From Fast Fashion to Sustainable Production, De Smet
Born from the desire to create a more thoughtful, deliberate shopping experience; designer Christina De Smet established her brand with a sensitivity and respect to the design process, promoting the slow, natural accumulation of lasting wardrobe pieces. Representing a structured fluidity inspired primarily by the architecture of organic forms, De Smet carefully selects each of her purist fabrics by hand. Placing the utmost importance on longevity in construction and silhouette, each of DE SMET’s made-to-order garments are designed and handcrafted in the heart of New York City. Comprised of timeless silhouettes, the DE SMET wardrobe is intended to be worn and cherished for years to come.
Introduce yourself, and tell us how you got into fashion
My name is Christina De Smet, I got into fashion at a young age just making clothes for myself. I was a very petite person so I would cut things down to fit me. My grandmother taught me how to sew, she had a very strange body type - very small on top with a lot of hip - so she always made her own clothes, and I spent the summers with my grandparents and they taught me how to sew, paint, and do photography. So I was always surrounded by creative people, and I knew ultimately I would end up in a creative field, I just didn't know which one. So out of all the creative fields, I wanted to do something that was also functional, so why I chose fashion in the end.
When I move to NYC in 2007, I worked for the mass market, I was doing designer collaborations for Target actually. So I worked for a company here and we were like the liaison between companies and the NYC designers. I worked with Karl Lagerfeld and I did his collection for Macy's, Jason Wu for Target, and probably twenty other designers. But I realized the amount of waste that is in fast fashion and mass market fashion and it was just mind-boggling. The more I worked on it, the more I hated it. So I quit.
I then took a year off to figure out what I wanted to do, I just worked on my blog and explored a lot of other opportunities. But I had this idea in my head of how do you stop creating waste. If we stopped making clothes tomorrow, we could continue to dress the world for say 100 more years - there's just that much stuff going around. So I didn't want to add to that.
Also, when I quit my shopping job I was on a very strict shopping diet, I was only allowed to buy one style a month.
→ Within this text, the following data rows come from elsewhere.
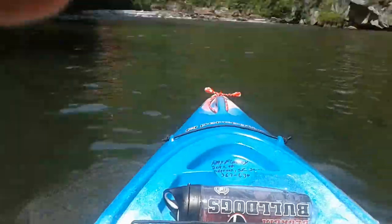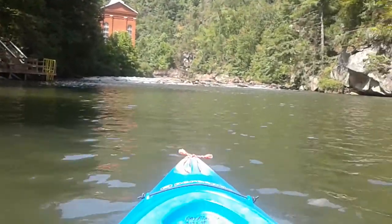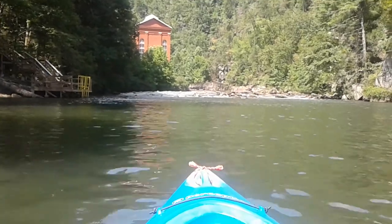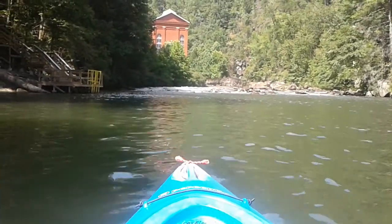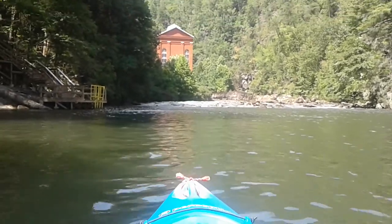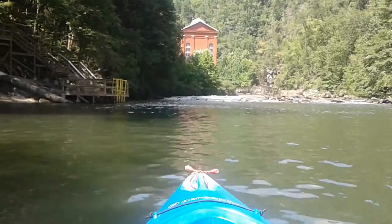Tallulah Gorge, area of Lake Tougaloo. Right dead ahead in front of me is the last set of rapids on the Tallulah River where it runs into Lake Tougaloo. That's the old Tallulah Falls power plant dead ahead.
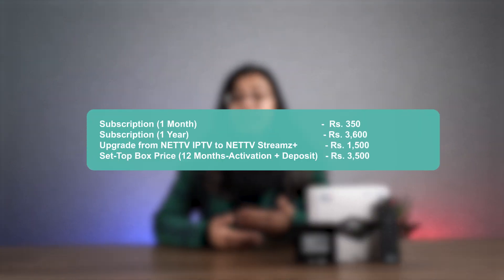If you are already a NetTV user, you will need to exchange this device for your existing IPTV. The monthly subscription cost is NPR 350. For new users, the device cost is NPR 100,000.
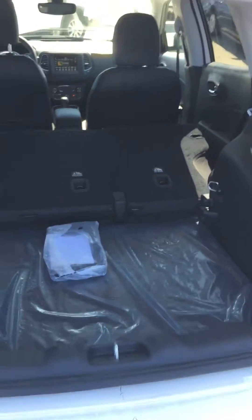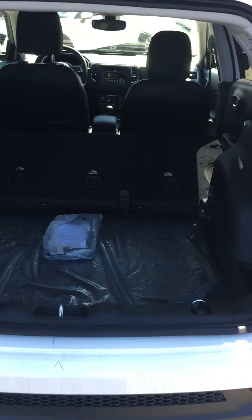Lots of room in the back. I do have the back seat down.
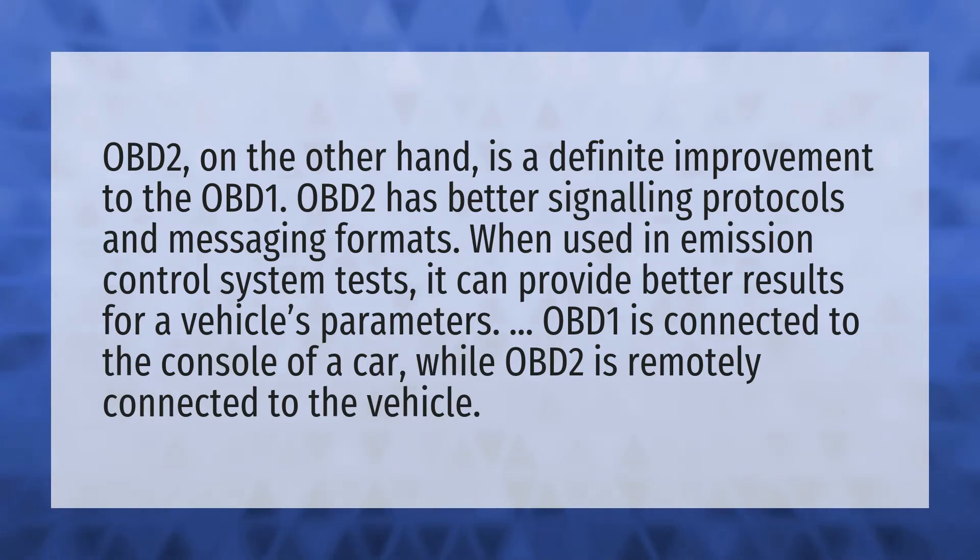OBD-2, on the other hand, is a definite improvement to the OBD-1. OBD-2 has better signaling protocols and messaging formats.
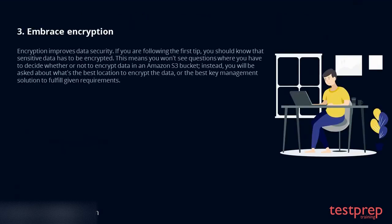Tip 3: Embrace encryption. Remember, encryption improves data security. If you are following the first tip, you should know that sensitive data has to be encrypted. This means you won't see questions where you have to decide whether or not to encrypt data in an Amazon S3 bucket; instead you will be asked about the best location to encrypt the data, or the best key management solution to fulfill given requirements.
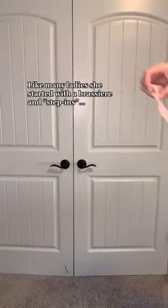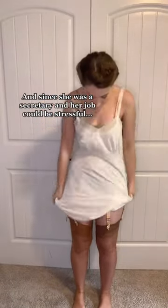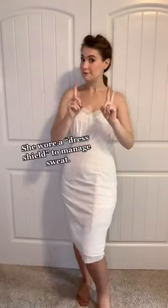How my great aunt got ready for work in the 40s. Like many ladies, she started with the brassiere and step-ins, followed by stockings held up with a garter belt. She would have worn a simple slip, and since she worked as a secretary and her job could be stressful, she wore a dress shield to manage sweat.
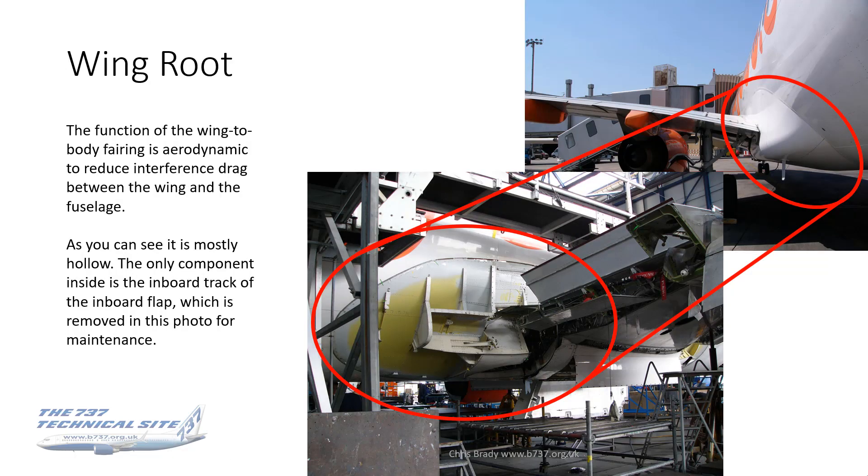Where the wings join to the fuselage, what you see on the outside is the wing-to-body fairing. This is purely aerodynamic — it's just there to reduce the interference drag between the wing and the fuselage. I managed to take a photo going around the hangars of one in for maintenance, and you can see it's actually pretty much hollow. There are no real components inside it. The only component inside is the inboard track of the inboard flap, which had been removed for maintenance. There's no great secret — there's essentially nothing inside it.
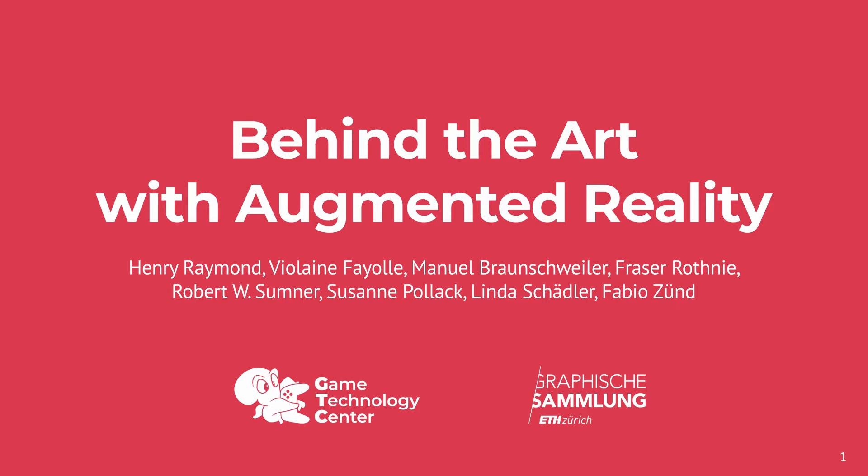Hello, my name is Henry Raymond. I'm from the Game Technology Center at ETH Zurich. I'll be presenting our research that we have done in collaboration with the Grafische Sammlung ETH Zurich, LGT Private Banking and the Liechtenstein Princely Collections.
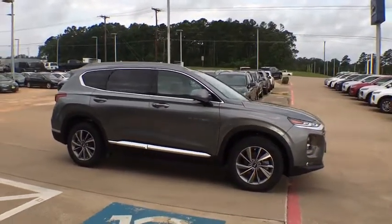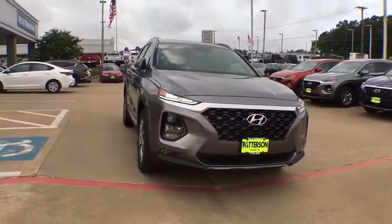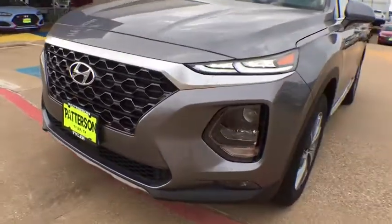Security system, power windows, fog lights, rear window defroster, heated front seats, compass, carpeted floor mats, panic alarm, brake assist, overhead console.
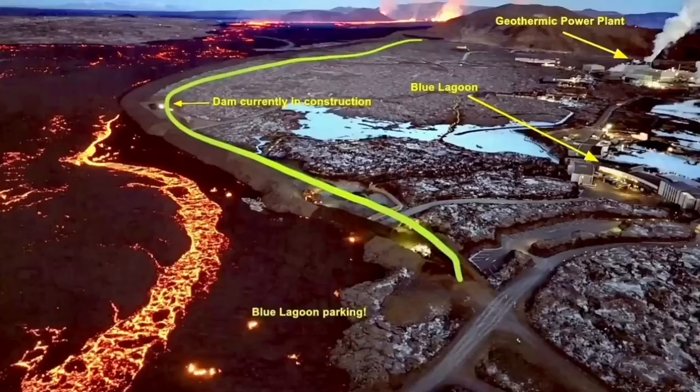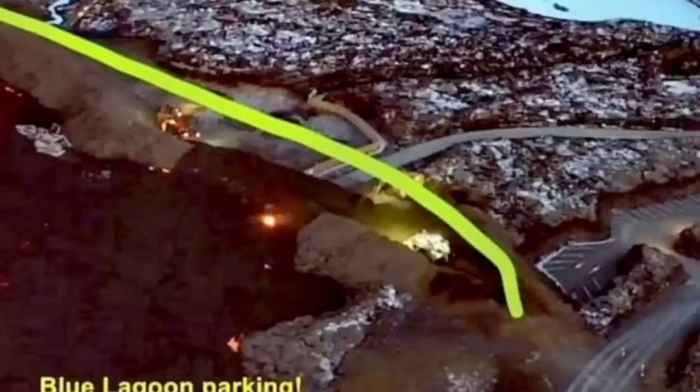The conditions lately have been like this, but the situation is developing every minute and hour. All these maps and illustrations need to be updated as the eruption continues. This is one point where the lava breached and flowed toward the inside of the defensive wall.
So one piece, a pair of shoes for example. I did this for around 4-5 years. That's how I got onto the idea of releasing a capsule wardrobe. In a way, trying to teach the consumer to buy less but better, and be thoughtful in what they were buying and less reactionary as it is now.
That's where I came up with designing and releasing one piece and a time. Also being in the industry you realize how strange the fashion calendar is. In January you have bathing suits which are great for the people who are traveling, but no one's really buying it until it's deeply discounted, no one's making their margins. So I wanted to implement a model of buy-now-wear-now.
I also wanted to give women more choice, so my pieces can be worn in different ways and brought in different varieties - for example, silk and cotton.
For me, I don't want to produce something that doesn't have a home. I think that's the key to being sustainable.